1 Corintios 12, 4-11.
El mismo y único Espíritu reparte a cada uno en particular como él quiere
Hermanos:
Hay diversidad de carismas, pero un mismo Espíritu; hay diversidad de ministerios, pero un mismo Señor; y hay diversidad de actuaciones, pero un mismo Dios que obra todo en todos.
Pero a cada cual se le otorga la manifestación del Espíritu para el bien común.
Y así uno recibe del Espíritu el hablar con sabiduría; otro, el hablar con inteligencia, según el mismo Espíritu. Hay quien, por el mismo Espíritu, recibe el don de la fe; y otro, por el mismo Espíritu, don de curar. A este le ha concedido hacer milagros; a aquel, profetizar. A otro, distinguir los buenos y malos espíritus. A uno, la diversidad de lenguas; a otro, el don de interpretarlas.

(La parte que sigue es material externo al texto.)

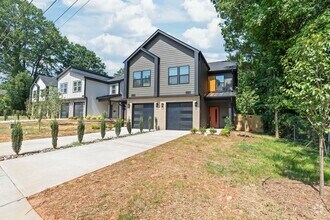 Building Photo - 2025 Wilson Ave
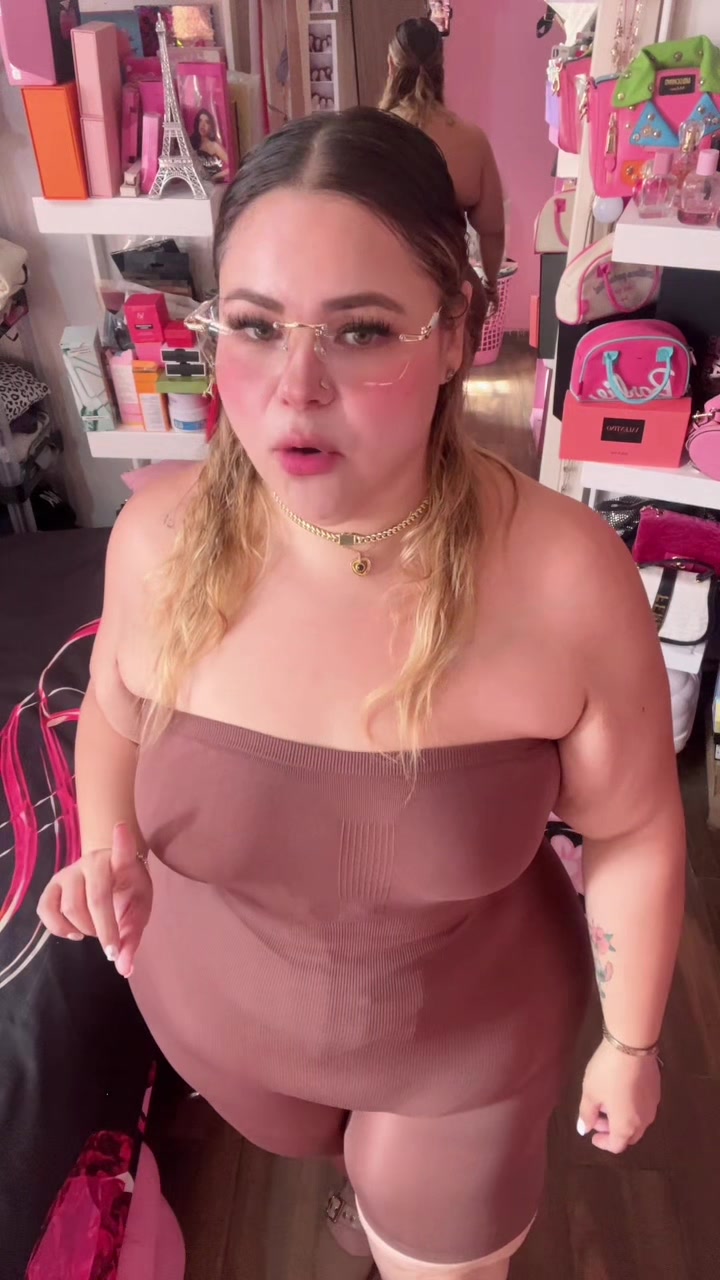 @Laura Mar.moda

El mismo y único Espíritu obra todo esto, repartiendo a cada uno en particular como él quiere.
Juan 2, 1-11
Este fue el primero de los signos que Jesús realizó en Caná de Galilea
En aquel tiempo, había una boda en Caná de Galilea, y la madre de Jesús estaba allí. Jesús y sus discípulos estaban también invitados a la boda.
Faltó el vino, y la madre de Jesús le dice: «No tienen vino».
Jesús le dice: «Mujer, ¿qué tengo yo que ver contigo? Todavía no ha llegado mi hora».
Su madre dice a los sirvientes: «Haced lo que él os diga».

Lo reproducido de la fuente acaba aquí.